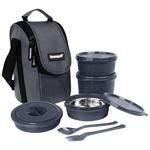 Buy Home Puff Stainless Steel Insulated Lunch Boxes - Airtight & Leak ...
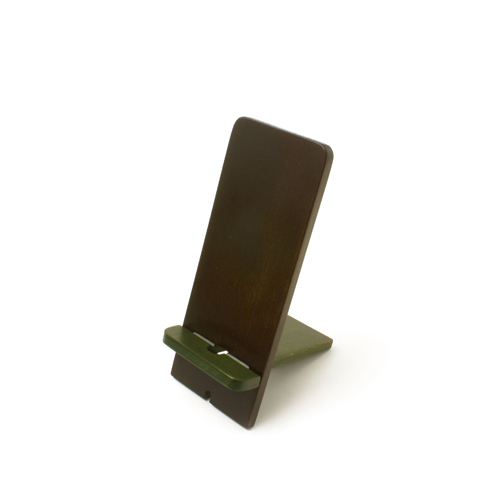 Urushi Stand 摺漆塗り(黄緑)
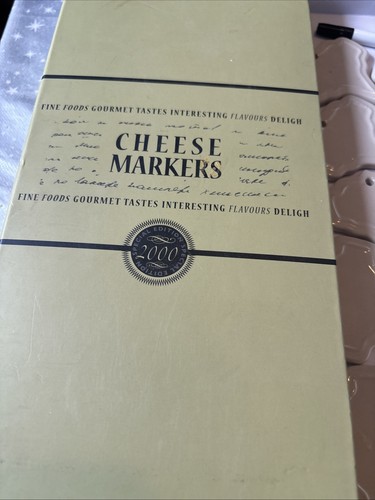 Cheese markers ceramic kimm - markers,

• **ASSIGNED TASK**
Leaving the pictures out, set down all of the data again exactly.

• **ANSWER TO THIS EXERCISE**
 Buy Home Puff Stainless Steel Insulated Lunch Boxes - Airtight & Leak ...
 Urushi Stand 摺漆塗り(黄緑)
 Cheese markers ceramic kimm - markers,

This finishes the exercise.